Tim Cutts bioclusters@bioinformatics.org
Tue, 1 Jun 2004 14:00:07 +0100


On 1 Jun 2004, at 1:33 pm, Micha Bayer wrote:

> Hi Tim,
>
> thanks for that. Can you just clarify what n and m are in your response
> below?

For a given pair of sequences being aligned, n & m are the lengths of 
the two sequences.  So in the case of your blast search, you need to 
know the lengths of the largest query sequence and the largest target 
sequence.

> It looks like I stuck with doing the time prediction because we are
> plugging into an existing cluster with existing rules, much as I would
> like to avoid this issue altogether.... :-)

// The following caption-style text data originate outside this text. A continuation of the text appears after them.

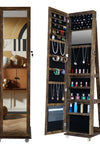 Fashion Simple 360° Swivel With Led light Jewelry Cabinet - Stylish Furniture for Every Home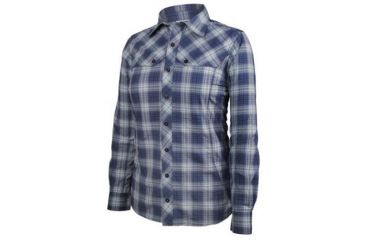 Image of BlackHawk Women's Strenia Top Long Sleeve Shirt, Navy/Grey, Large 92CC04NG-LG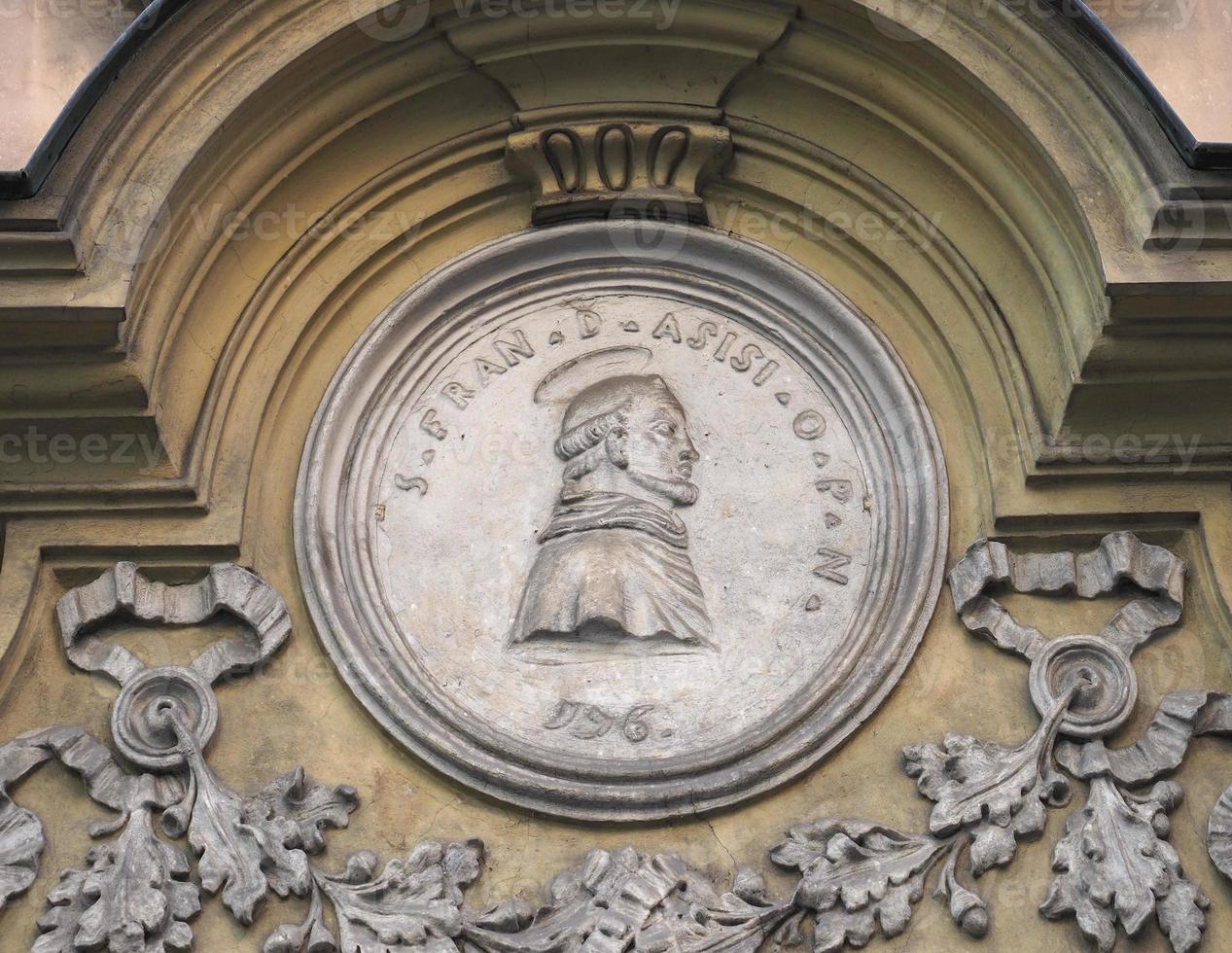 San Francesco Assisi bas relief circa 1761 in Turin photo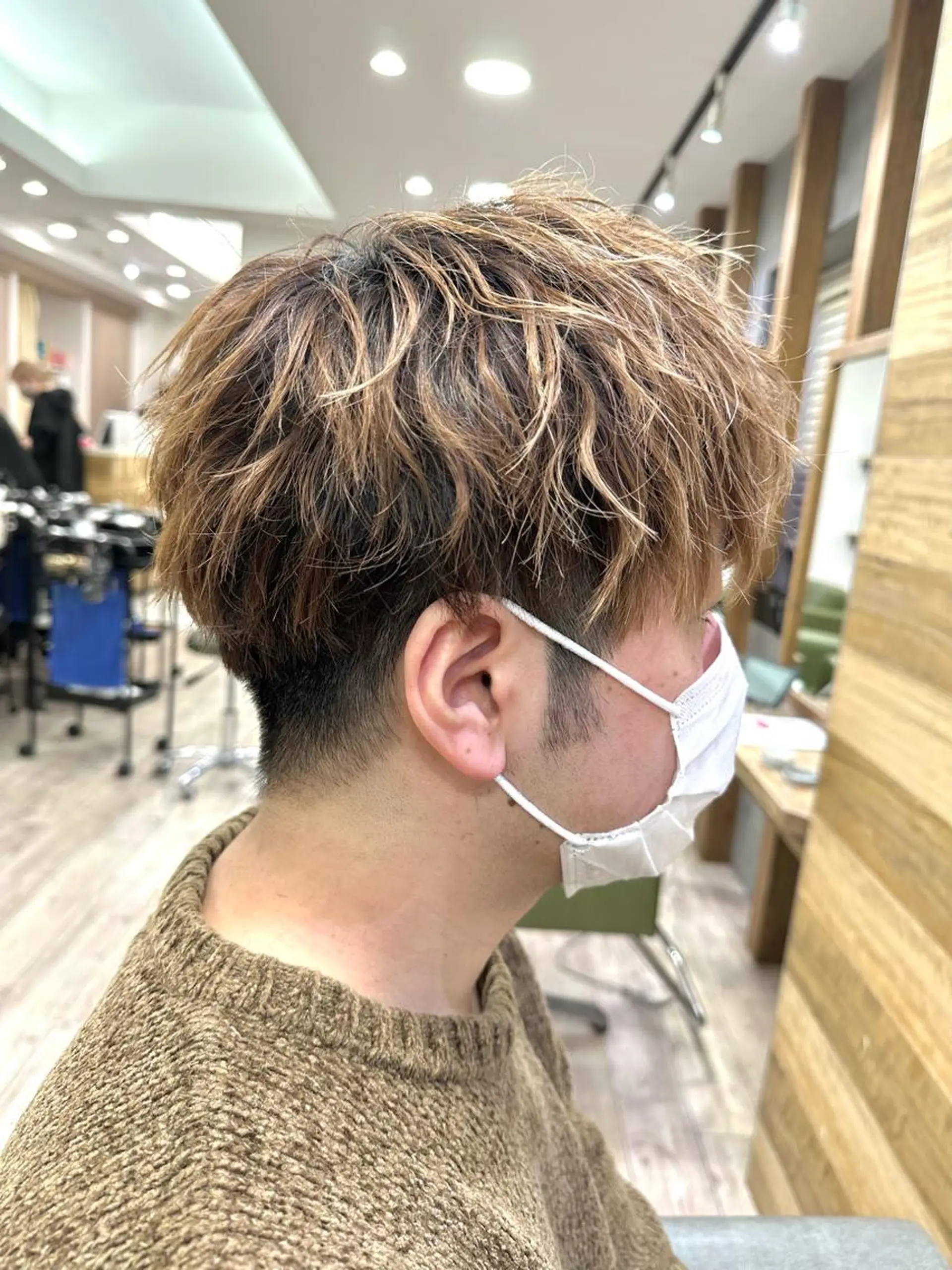ショート メンズ 黒須 蓮太のヘアスタイル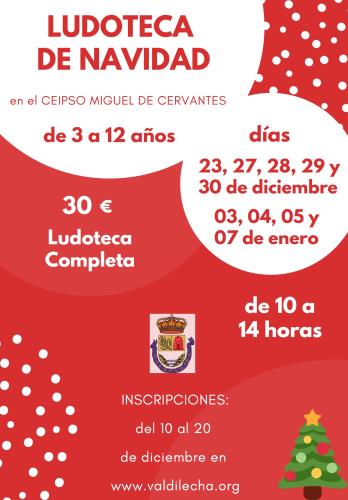 LUDOTECA DE NAVIDAD EN VALDILECHA 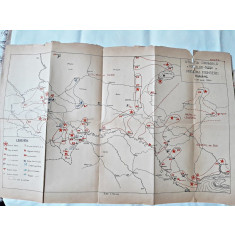 Harta. Situatia probabila a Fortelo Rosii in preajma Frontierei romane, 25 iunie 1940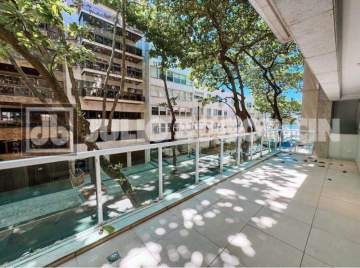 Ótima localização - Apartamento de 3 quartos (2 suites) a venda no Leblon, varanda, quadra da praia e com 2 vaga de garagem. - JBL34678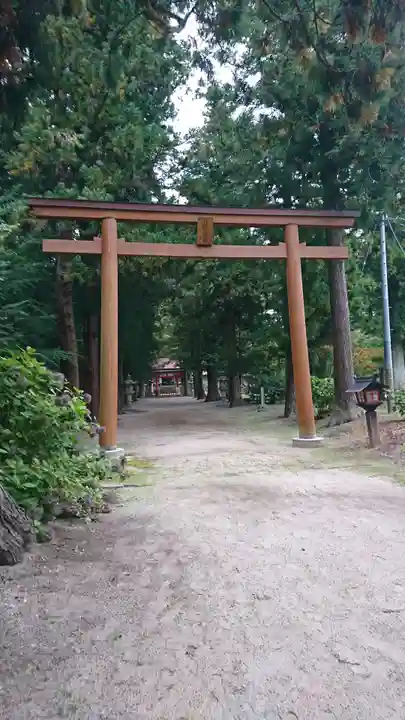 上沼八幡神社の鳥居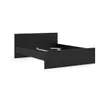 Lit Nada double pour matelas box 160x200 cm, noir mat. Voir les images du produit 10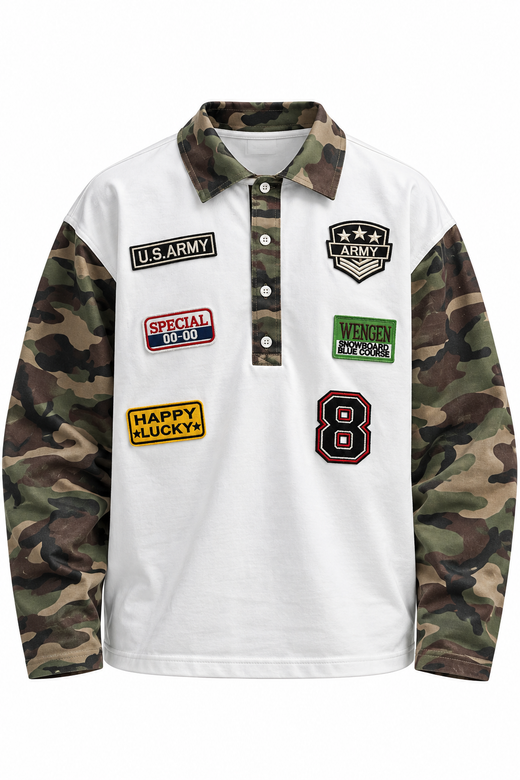Longlsleeve Military Patch
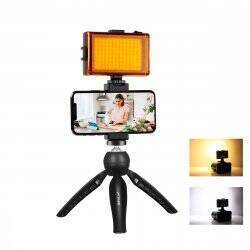 Puluz Live broadcast kit tripod mount + LED lamp + phone clamp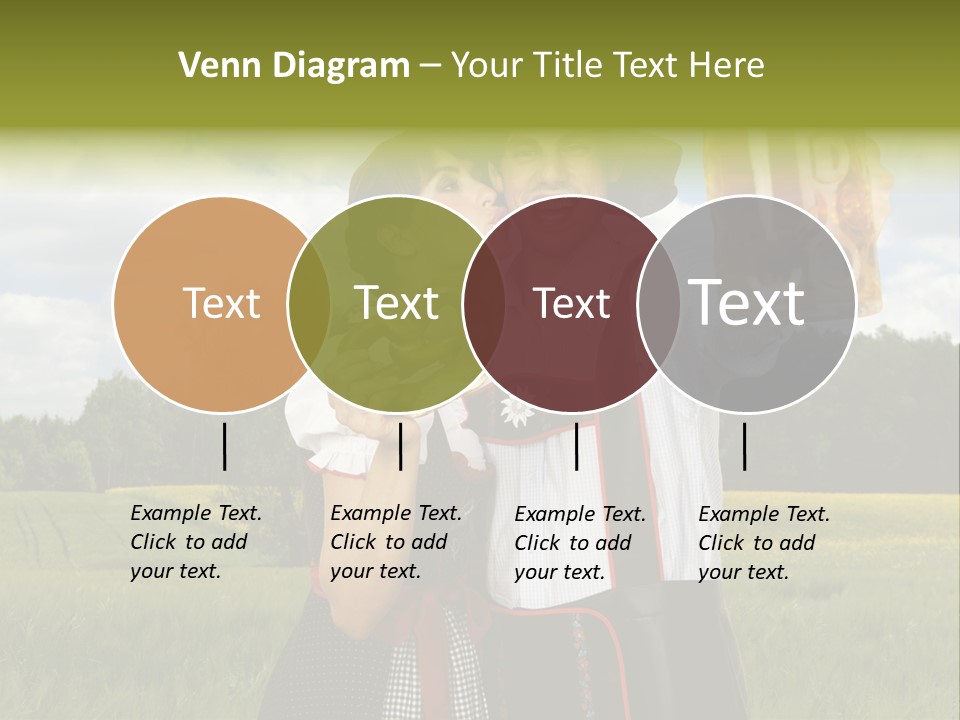 Field Couple Kiss PowerPoint Template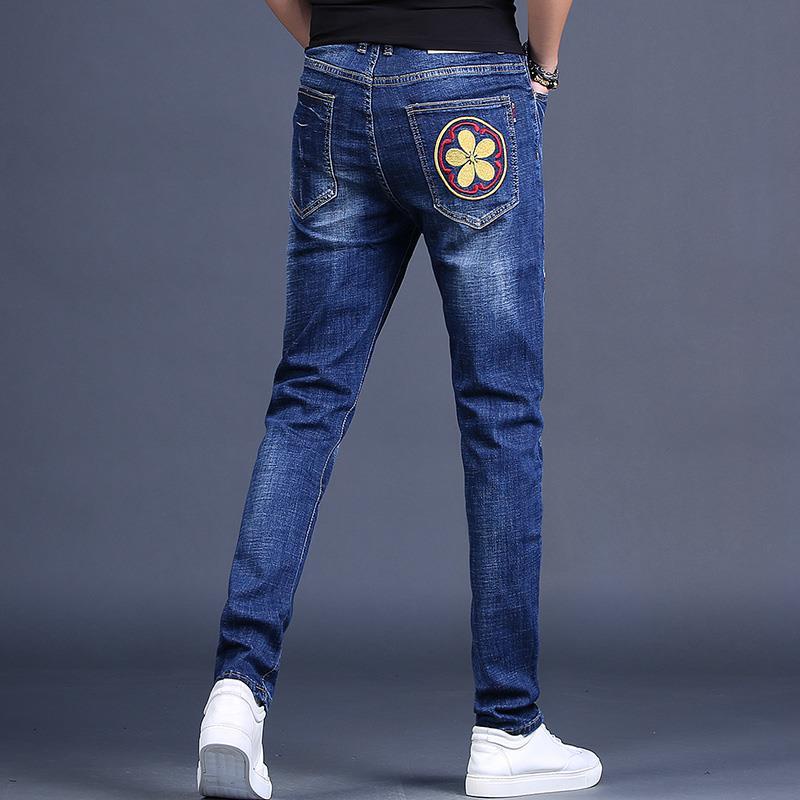 Quần jeans Thêu Họa Tiết Phong Cách Trung Hoa Mới 2023 Cho Nam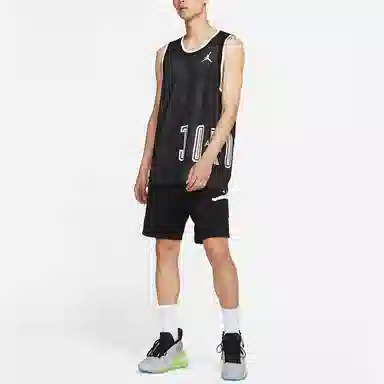 Air Jordan Sport Dna Logo Reversible Basketball Tank Top Black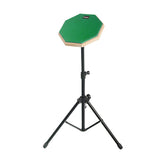 Maxbell Drum practice pads Snare Drum Stand Set for Percussion Instrument Accessory Green
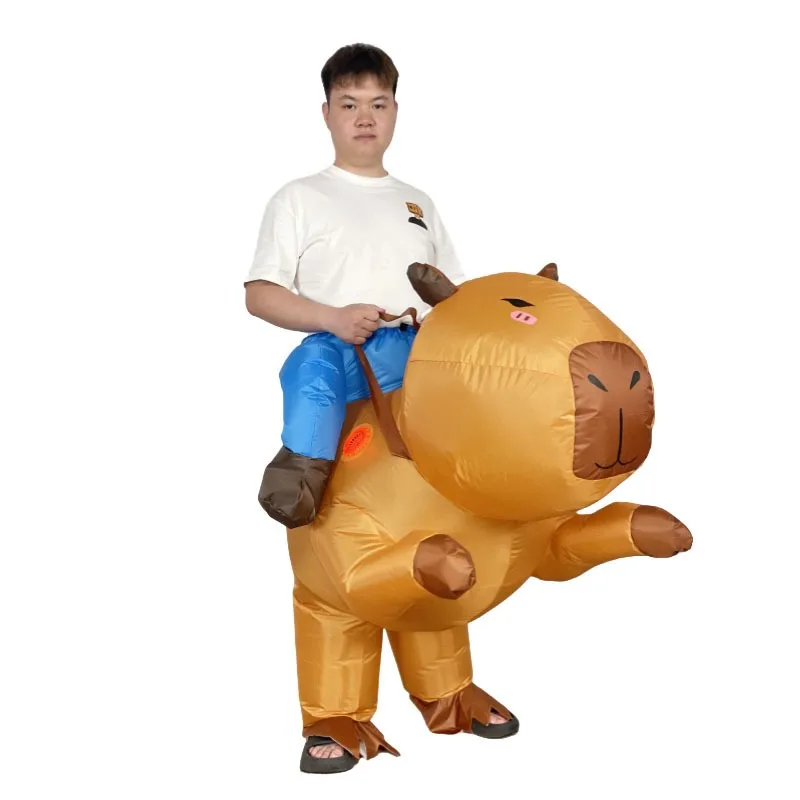 New Arrival Cartoon Animal Inflatable Costumes 2026 Capybara Inflatable Outfits Cute Animal Blow Up Clothing Party Beach Props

All I can suggest then is an iterative procedure - submit jobs with a 
very conservative estimate of CPU time.  They'll get low priority, but 
that's better than them being killed because they've been running too 
long.  Then reduce the requirement when you've got a feel for the real 
requirements of the job.

Tim

PS.  I wish the powers that be would let me be as draconian with our 
cluster as your guys are.  It would solve a whole heap of trouble.  :-)

-- 
Dr Tim Cutts
Informatics Systems Group
Wellcome Trust Sanger Institute
Hinxton, Cambridge, CB10 1SA, UK